*HOW TO COMPLETE THIS TASK*: Beginning with the line that contains "Santos Borré posa", copy each subsequent line of the data below through the last one, including both ends but not the pictures.
[GIVEN DATA — start]
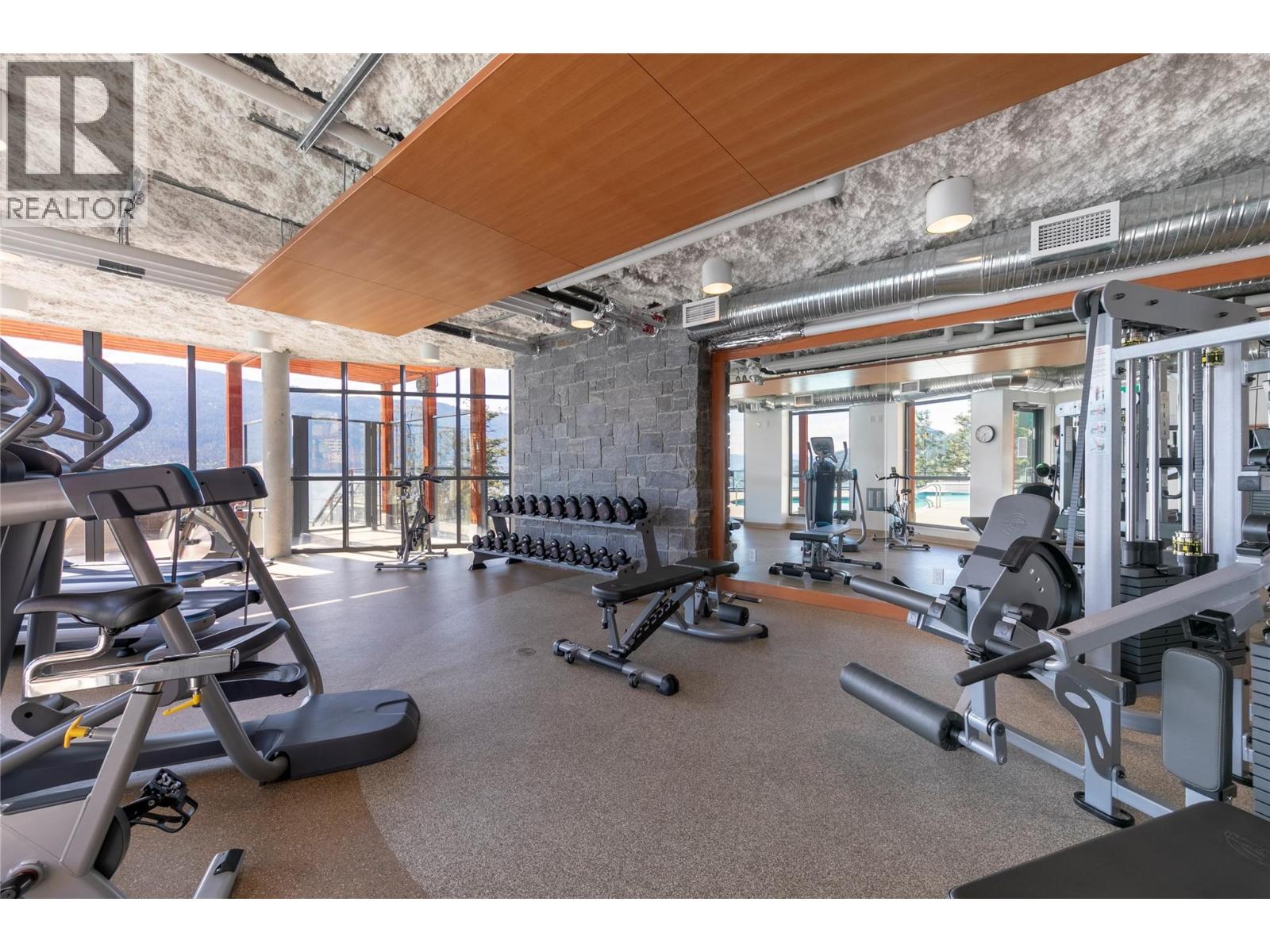 #28 10100 TYNDALL ROAD - 47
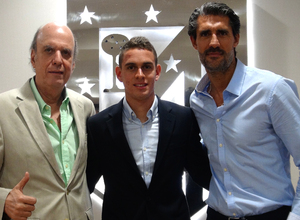 Santos Borré posa con el presidente del Deportivo Cali y Caminero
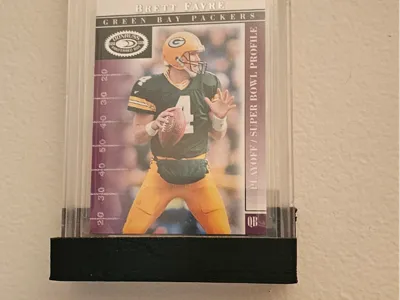 Single trading card wall shelf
[GIVEN DATA — finish]
*OUTPUT OF THE EXERCISE*:
 Santos Borré posa con el presidente del Deportivo Cali y Caminero
 Single trading card wall shelf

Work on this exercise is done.